» What the exercise asks
With all images omitted, write out the records word for word.

» Saved data entries

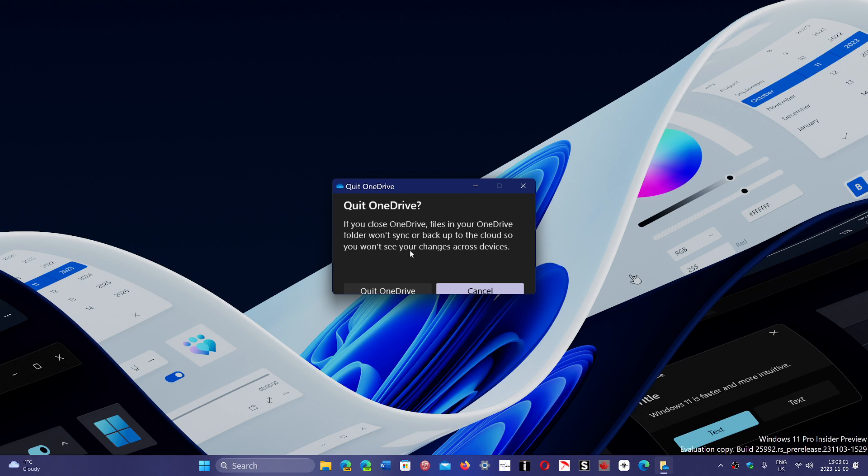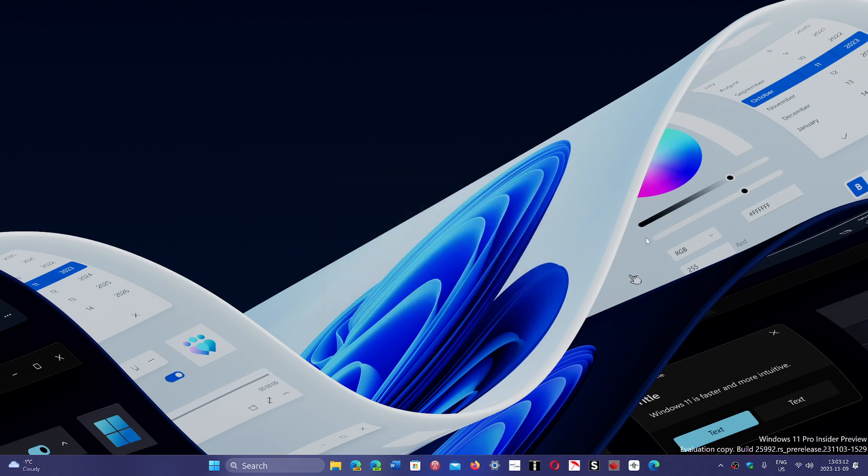Now this rendering is bad - you see it doesn't even fit the window - but anyways, I get it that you want people to use OneDrive, but I'm a little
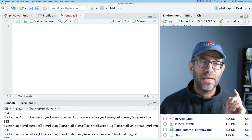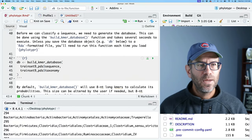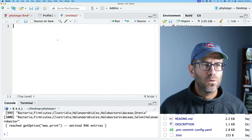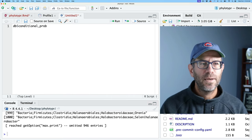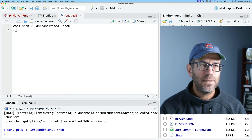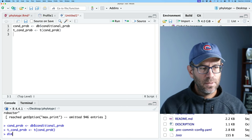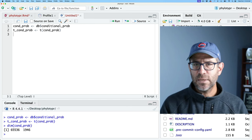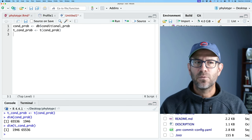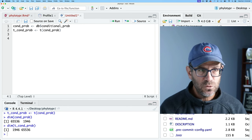Let's test that out. The matrix we can use is the conditional probabilities in our database. So if we look at db, we have conditional_prob as well as the classifications. I'll do cond_prob equals db$conditional_prob, and t_cond_prob which will be the transpose. If we look at dim on cond_prob, we see it's 65,536 rows and 1,946 columns. And dim on t_cond_prob will be the opposite. Now we want to write a function to get the row sums versus the column sums. I'll do c_sum function using Rfast's colSums, since that's what we're already using, and r_sum using rowSums on t_cond_prob.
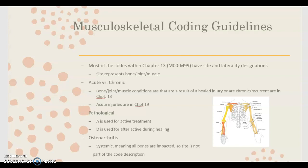Now for the musculoskeletal coding guidelines. Our codes within this section are M00 to M99, and most of the codes here have site and laterality designations. The site refers to the bone, joint, or muscle, and laterality is which side of the body — left side, right side, or bilateral. Make sure you pay attention to that when coding. The documentation is going to drive your code, and you need to make sure you're picking the most specific code to match your documentation.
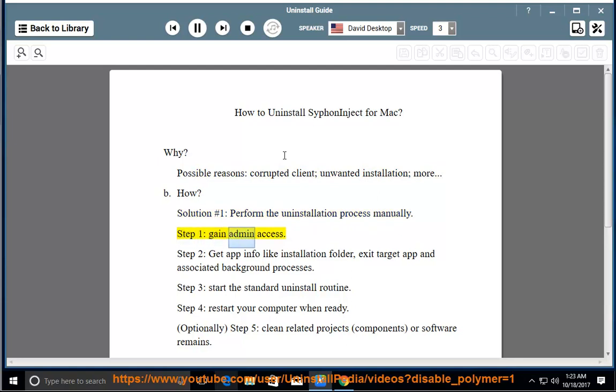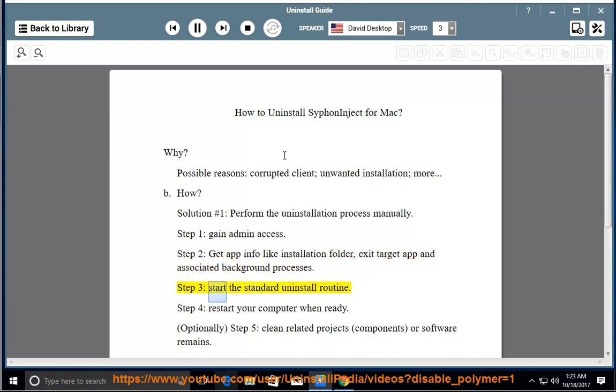Step 1: gain admin access. Step 2: get app info like installation folder, exit target app and associated background processes.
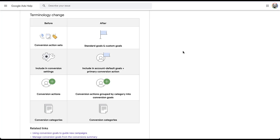The first thing I want to look at is this table that shows the changes in terminology that Google has made over the past few years. Before, they started with conversion action sets — those are now being shifted to standard goals and custom goals. Included in conversion settings is now 'include in default goals' and 'primary conversion action.' Conversion actions are still conversion actions, but now they are grouped by category into conversion goals, and conversion categories are still conversion categories. If you're anything like me, this doesn't help as much as I might want — it's not nearly as clear as I think they might want it to be.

» Response
Now this rendering is bad - you see it doesn't even fit the window - but anyways, I get it that you want people to use OneDrive, but I'm a little
Let's test that out. The matrix we can use is the conditional probabilities in our database. So if we look at db, we have conditional_prob as well as the classifications. I'll do cond_prob equals db$conditional_prob, and t_cond_prob which will be the transpose. If we look at dim on cond_prob, we see it's 65,536 rows and 1,946 columns. And dim on t_cond_prob will be the opposite. Now we want to write a function to get the row sums versus the column sums. I'll do c_sum function using Rfast's colSums, since that's what we're already using, and r_sum using rowSums on t_cond_prob.
Now for the musculoskeletal coding guidelines. Our codes within this section are M00 to M99, and most of the codes here have site and laterality designations. The site refers to the bone, joint, or muscle, and laterality is which side of the body — left side, right side, or bilateral. Make sure you pay attention to that when coding. The documentation is going to drive your code, and you need to make sure you're picking the most specific code to match your documentation.
Step 1: gain admin access. Step 2: get app info like installation folder, exit target app and associated background processes.
The first thing I want to look at is this table that shows the changes in terminology that Google has made over the past few years. Before, they started with conversion action sets — those are now being shifted to standard goals and custom goals. Included in conversion settings is now 'include in default goals' and 'primary conversion action.' Conversion actions are still conversion actions, but now they are grouped by category into conversion goals, and conversion categories are still conversion categories. If you're anything like me, this doesn't help as much as I might want — it's not nearly as clear as I think they might want it to be.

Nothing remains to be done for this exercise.